Lange Zeit herrschte allgemeine Unübersichtlichkeit, jetzt streiten im Grunde nur noch zwei Erklärungsmodelle miteinander. Die einen sagen, im momentan stillgestellten Bosnienkrieg habe sich der jahrhundertealte Haß ausgetobt, der zwischen den Völkern des Balkans seit jeher geherrscht habe und nach dem Auseinanderfallen des ordnungsstiftenden Dachstaates Jugoslawien wieder aufgeflammt sei. Und da der Haß so allgemein und so alt sei, sei es am besten, ganz die Finger vom Balkan zu lassen.

Die zweiten sagen, es handele sich bei den Konflikten im ehemaligen Jugoslawien um einen serbischen Aggressionskrieg gegen die multikulturelle Republik Bosnien mit dem Ziel, alle Serben – und nur sie – unter dem Dach eines Staates Großserbien zu vereinen. Was sich nach dem zweiten Erklärungsmodell in Bosnien durchgesetzt hat, das ist also der Versuch einer Ethnisierung der Politik. Und was eine Niederlage erlitten hat, das ist das Konzept eines Vielvölkerstaates. Wenn dieses Modell stimmt – und es spricht mittlerweile mehr als einiges dafür –, dann hat in Bosnien der Versuch obsiegen können, die Gesellschaft auf ethnische Merkmale zu gründen. Was Konsequenzen hat: Eine Politik der Nichteinmischung beginnt fadenscheinig zu werden, und darüber hinaus gilt es, die Bedingungen zu analysieren, unter denen die Volkszugehörigkeit – und nur sie – als Kitt einer Gesellschaft aktualisiert werden kann. Die brutalen Begleitumstände, die mit einer solchen Aktualisierung einhergehen, dürften bekannt sein.

Diese Problemlage bezeichnet den Hintergrund einer Vortragsreihe, die heute abend im Hamburger Institut für Sozialforschung beginnt. „Ethnisierung der Politik – Politisierung der Ethnizität“, unter diesem Titel soll der – lange Zeit nur als träge zu bezeichnende – deutsche Diskurs angefeuert werden, indem Protagonisten der internationalen Debatte Gelegenheit gegeben wird, ihre Ansätze vorzustellen.

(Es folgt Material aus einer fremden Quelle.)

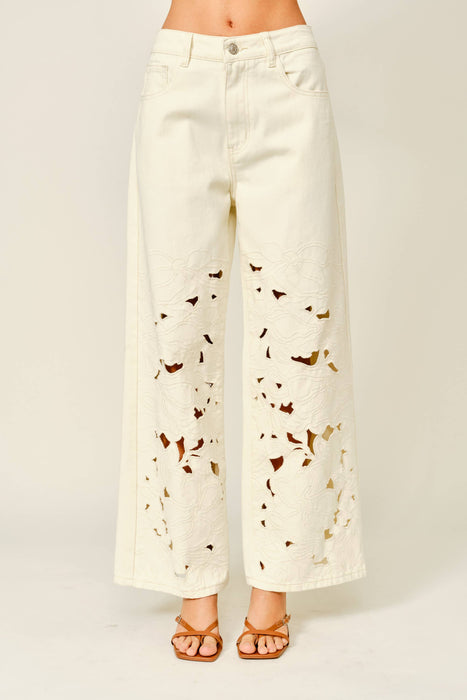 Taylor Cut Out Embroidered Pants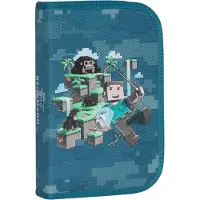 Beckmann Single Section Pencil Case W/Content, Jungle Game - Blue - ONE SIZE
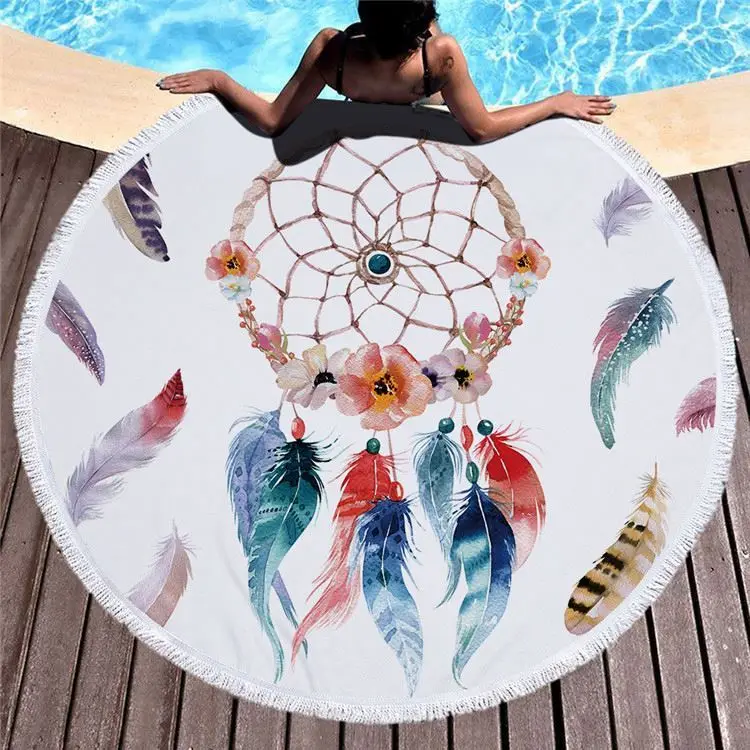Terry Teenage Girl Beach Towel Yoga Mat Colorful  Dreamcatcher Round Beach Towel For Women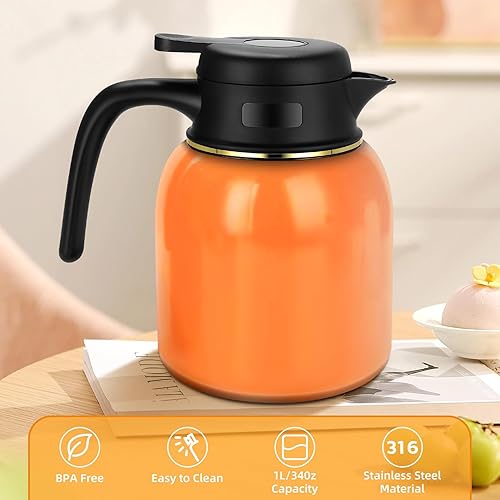 Miniatura 3 de Beyoung Jarra térmica de café de 34 onzas, jarra de café aislada de acero inoxidable, jarra de café al vacío de doble pared para mantener el café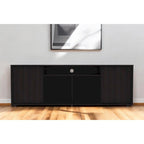 Meuble TV moderne noir pour téléviseurs de 65 pouces avec placards et étagères ouvertes, finition en bois wengé - 51 cm (H) x 150 cm (L) x 38 cm (P)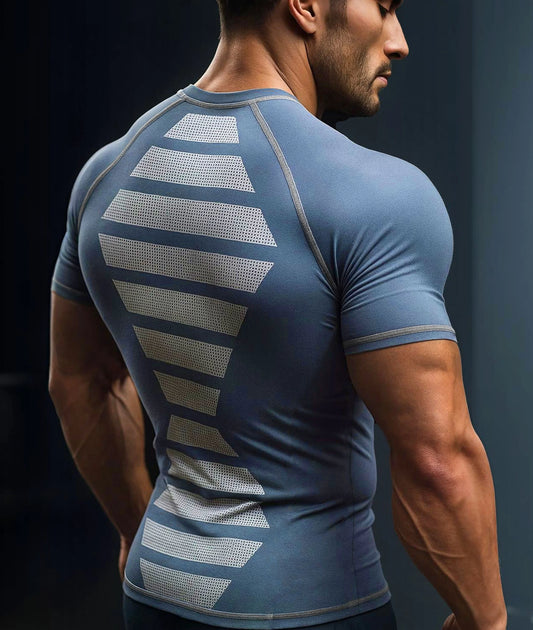 Apex Compression Half Sleeve Tee: Glacier Blue (Nylon)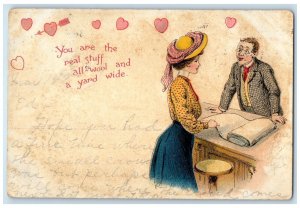 c1905 Valentine Store Hearts Couple Romance Gloversville NY Antique Postcard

Der Amerikaner David Rieff eröffnet die Reihe heute abend. In seinem kürzlich erschienenen Buch Schlachthaus – Bosnien und das Versagen des Westens hat sich der Journalist als glühender, aber dennoch mit einem klaren Kopf ausgestatteter Vertreter der bosnischen Sache erwiesen (siehe taz vom 31. Oktober 1995). Der Bosnienkrieg ist für ihn im Kern ein von Serben begangener Völkermord an den bosnischen Muslimen, ein Völkermord, der für ihn vermeidbar gewesen wäre. Rieff zufolge hätte der Westen militärisch eingreifen müssen. Erhellend sind in dem Buch vor allem die Hinweise darauf, wie ethnische Säuberungen denn konkret vor sich gehen. Zwei Jahre lang hat Rieff die Ereignisse vor Ort verfolgt, und er hat sich seinen Blick nicht verstellen lassen.

In einem etwa monatlichen Rhythmus suchen dann fünf Vorträge das Thema analytisch zu vertiefen. Am 7. Dezember spricht der oppositionelle Belgrader Ethnologe Ivan Colovic über die Indienstnahme der Geschichte in dem Konflikt. Und am 11. Januar kommenden Jahres erweitert der britische Historiker Norman Davies den Blickwinkel auf die Neuordnung Europas nach dem Zusammenbruch des Ostblocks insgesamt. Olivier Mongin, Paul Parin und Francois Furet folgen.